In our experiments, this kind of prompt has allowed us to correctly identify dataset messages that contain no required named entities. However, the overall performance has decreased; thus, we refined them by adding short explanations of why such answers were chosen (example shown in Figure 4). By providing explanations along with the examples, the model can learn to understand the underlying reasoning or intent behind the classification, rather than just memorizing the examples [25]. Existing work in prompt tuning suggests that in-context supplemental information can affect the model performance positively.
The fifth type of prompts was obtained by sampling them from the language model using the Automatic Prompt Engineer (APE) method. The aim was to reduce the human effort in creating the prompts and automate the process so that it would be possible to apply it to new kinds of entities in the future. The meta-prompts for generation and resampling were taken from previous work in this area [26]. We chose 10 as our sample size, as the instructions generated by the model differ little in semantic content, and we are able to find adequate prompts under this constraint. The resulting prompts contain only the description of the task and no examples, compared to the previous prompts (shown in Figure 5). Despite this, zero-shot performed better than few-shot.
Taking into account the improved performance of zero-shot prompts, we decided to tune this kind of prompt. To direct a GPT-3’s inference in the truth-seeking pattern, we employ reasoning in our prompts. Compared to few-shot prompts with explanations, this time, we ask the model to come up with a motivation for such output by asking the model via the prompt “Let’s solve this problem by splitting into steps.”, as shown in Figure 6. The term “chain-of-thought” prompt has been used to describe this type of prompt [27].
To receive an answer in a closed form that is convenient for the task, we inject “Thus, the correct answer is” after generating model output and query the model again with the new prompt.

2.3. Few-Shot GPT-3 175B

As another approach to the extraction of named entities using LLM, we fine-tuned the OpenAI davinci model—GPT-3 with 175B parameters—using OpenAI API. We have tried several approaches to fine-tuning.
The first idea is to retrieve all required entities at once, meaning the output for a given text message from the ATel dataset would look as shown in Figure 7—and it would either contain the corresponding entity if it is present in the text message or a tag ‘none’. This method has shown the lowest accuracy, so we decided from this point on to extract only one entity at a time.
Thus, in the second experiment, we fine-tuned the model on training examples consisting of a dataset input example and one type of its associated named entity. This approach is more computably expensive, as we have to fine-tune a model for each of the entities we want to obtain. To address this issue, we changed the training examples for the fine-tuned model to be able to extract all types of entities. For this, we used the prompts with the best performance created in the previous section. The input during the fine-tuning consists of a dataset text message embedded in one of the prompts. The output to this input is chosen according to the type of entity this prompt is designed to extract. This way, to obtain a certain kind of entity during inference, we would have to prepend the astronomical text with the corresponding prompt. The first two datasets are of size 202, while the third one contains 606 message-entity pairs since for the last dataset, we used three prompts (for each entity) to prepend all 202 texts to fine-tune for all entities.

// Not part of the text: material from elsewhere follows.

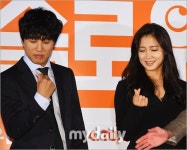 [MD포토] 차태현 난 상미처럼 하트가 안되지?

2.4. Embedding Ranking for InstructGPT

Due to the probabilistic nature of the sampling process, it is expected of LLMs to not be able to generate an accurate answer at 100% of attempts. Following the evaluation procedure as defined in Ref. [23], we sample our LLMs five times with temperature T = 0.7, and then rank completions based on their perplexity. When ranking LM’s sampled outputs, perplexity can be used as a way to evaluate the quality of the generated text. Because perplexity is a measure of how well the model can predict the next word in a sequence, a lower perplexity score for an output indicates that the output is more likely to contain coherent and grammatically correct text. Perplexity is calculated as the exponential of the average negative log-likelihood of the model’s predictions. In our case, we expect the answer with the lowest perplexity to be the correct one.
After manually examining each of the generated completion, we found out that quite often, LLMs do generate the correct answer, but they do not necessarily have the best perplexity as shown in Table 1. We define  Δ  accuracy as the difference between the highest possible accuracy (if we were always selecting the correct completion, if present) vs. the accuracy obtained by the perplexity ranking. To maximize the accuracy of our NER process, we developed an alternative method of embedding ranking.
We train a feed-forward network (FFN) that receives the embeddings of sampled answers obtained from a feature extractor network and predicts the embedding of a correct answer (Figure 8). The FFN consists of two linear layers combined with dropout layers. The experiments have shown that the most optimal hyper-parameters for training the FFN on a dataset consisting of 151 messages are the following: 12 epochs,  5 × 10 4  for the learning rate of Adam optimizer. During the evaluation, we calculate the L2 distance between answer embedding and predicted embedding. The answer with the lowest L2 is assumed to be correct. During the training phase, we also minimize the triple margin loss of the L2 distance between embeddings with regard to the model’s weights. This approach achieves the best accuracy compared to those described previously.
It should be noted that although training an FFN model for ranking may be less convenient, its primary advantage lies in having a smaller number of parameters. This results in reduced processing time and computing resources required to generate predictions, making it particularly useful in production environments with limited resources.
Increasing the model size or training dataset may decrease the gap between top-1 and top-n accuracies, as demonstrated in Jared Kaplan et al. (2020) [28]. However, despite this, we use different methods for ranking model outputs to reduce this gap due to recent research by Hyung Won Chung et al. (2022) [23], which indicates that achieving an accuracy improvement of 38.8% → 58.5% would require a considerable increase in LLM size (more than eight times larger).

3. Results

To understand how the model architecture and size affect the quality of output, given a certain prompt, we examine two davinci models available via the OpenAI API, and two FLAN-T5 models available via HuggingFace. To evaluate the quality of the prompts, we prepared a dataset of 202 messages with manually labeled ground truth answers for the following entities: event type; event ID or object name; physical phenomena, or astronomical object. For every text message from the dataset, we query a model five times and compare the predicted entities with the correct answers. Table 1 shows the inefficiency of perplexity-based answer ranking with respect to the accuracy of LLMs, using the example of text-davinci-003 [29]. We define top-5 accuracy as the proportion of text messages in which at least one correct entity is present among the top five predictions. We define top-1 accuracy as the proportion of text messages in which the highest-ranked prediction (based on perplexity or embedding L2 distance) is the correct answer.
Our goal is to maximize top-5 accuracy, then additionally reduce the gap between top-5 and top-1 accuracies, which we label as  Δ  Accuracy. To achieve that, we compare two methods to rank sampled answers—perplexity ranking and embedding ranking using FFN. The comparison between best results using top-1 perplexity and embedding ranking is shown in Table 2. While being a common method to rank the LLM predictions (e.g., used by [23]), perplexity ranking produces suboptimal results compared to embeddings ranking.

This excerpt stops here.